Dos de los asaltos por los que fueron sentenciados ocurrieron prácticamente a la misma hora en el barrio Trapiche. Las víctimas eran vecinas: en uno de los domicilios habitaba un taxista con su mujer y, en el otro, una jueza civil con su esposo, también abogado.

El primero en ser abordado fue el trabajador del volante. Dos hombres armados lo atacaron y lo metieron bajo amenaza a su domicilio. Su pareja también sufrió la violencia de los malvivientes. A los pocos minutos, los tiraron al suelo y exigieron que no se movieran. Con toda la escena a su disposición, cargaron un televisor de 24 pulgadas, un par de teléfonos celulares, una billetera con documentación varia y una caja de herramientas.

Casi el mismo tiempo, la banda atacó la vivienda de la jueza y su marido, ubicada enfrente de la primera escena. El hombre se encontraba en la puerta de su vivienda cuando observó la presencia del Chevrolet Corsa en el que se movilizaban los ladrones. 

Fue atacado a los pocos segundos y lo amenazaron con un arma de fuego “tipo pistola”. Le robaron 7.000 pesos y documentación. Con la magistrada y su pareja inmovilizados, se llevaron un TV pantalla plana, dos celulares, dos computadoras portátiles y 30.000 pesos.

Después de estos hechos, el personal policial comenzó a trabajar en la búsqueda de los delincuentes. Así fue como adjuntaron información sobre algunos hechos previos. Concluyeron que la banda actuaba en los barrios Trapiche, Fuchs, Giner y Mosconi, en las localidades de Gobernador Benegas y Trapiche y que estaban en la mira, al menos, por 10 asaltos.

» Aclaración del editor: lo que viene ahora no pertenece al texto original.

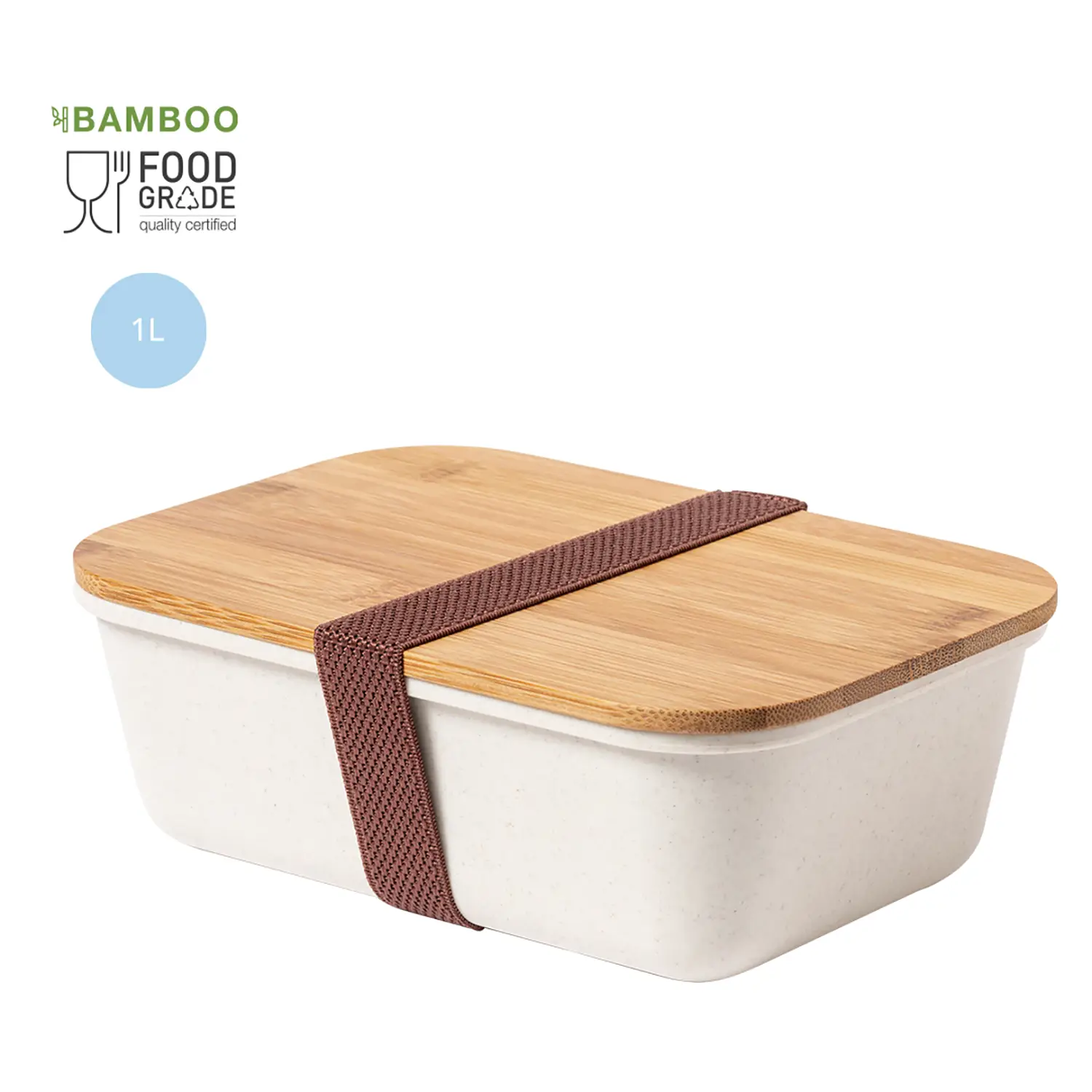 Lunch box 1 L – PP senza BPA | Coperchio in bambù | Con fascia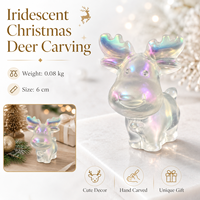 Figurine de renne irisée sculptée, translucide, pour la décoration de Noël à la maison, sur le bureau, comme cadeau et objet de collection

Finalmente, a fines de julio, Díaz y Ábrego fueron capturados en zona de calles Perón y Salavina. Efectivos de cámaras identificaron el vehículo en el que se movilizaban y fueron tras ellos, logrando incautar el auto y otras pruebas que sirvieron para encaminar la instrucción.

Investigación abierta

Más allá de los Ábrego Díaz en particular, el caso Ampuero está en el centro de la escena investigativa por estos días. Se sabe que el joven de 25 años, padre de una niña y con su pareja embarazada de cinco meses, salió a las 19 del domingo 26 de febrero de la casa de su madre en calle Salvador Civit, en el barrio La Esperanza. Lo hizo en una moto Brava 110cc blanca.

Su familia sabía que iba a encontrarse con Ábrego. Desde ese momento, no lo vieron más. Creció la preocupación y el martes siguiente radicaron una denuncia por averiguación de paradero. La fiscal Lazo de Homicidios comenzó a trabajar en la causa y, por la información que analizaron los detectives, creían que estaban frente a un hecho de sangre.

Todo se confirmó el viernes 3 de este mes, cuando policías hallaron el brazo izquierdo de la víctima. Estaba quemado pero lograron distinguir un tatuaje del manga Dragon Ball que Ampuero lucía en esa extremidad superior.

El pedido de captura para dar con el Cara Cortada ya era una realidad a esa altura de la instrucción. Testigos habían visto ingresar a Ampuero a la propiedad del joven homicida (creen que cometió, al menos, seis asesinatos y en dos fue hallado culpable siendo menor de edad) y luego describieron que “salía humo” del domicilio.

La hipótesis sostiene que el joven fue asesinado y luego introducido en un tacho de 200 litros para tratar de reducir su cadáver. Luego, lo esparcieron detrás el ex autódromo Los Barrancos con el objetivo de eliminar cualquier tipo de rastro que pueda llegar a identificarlos.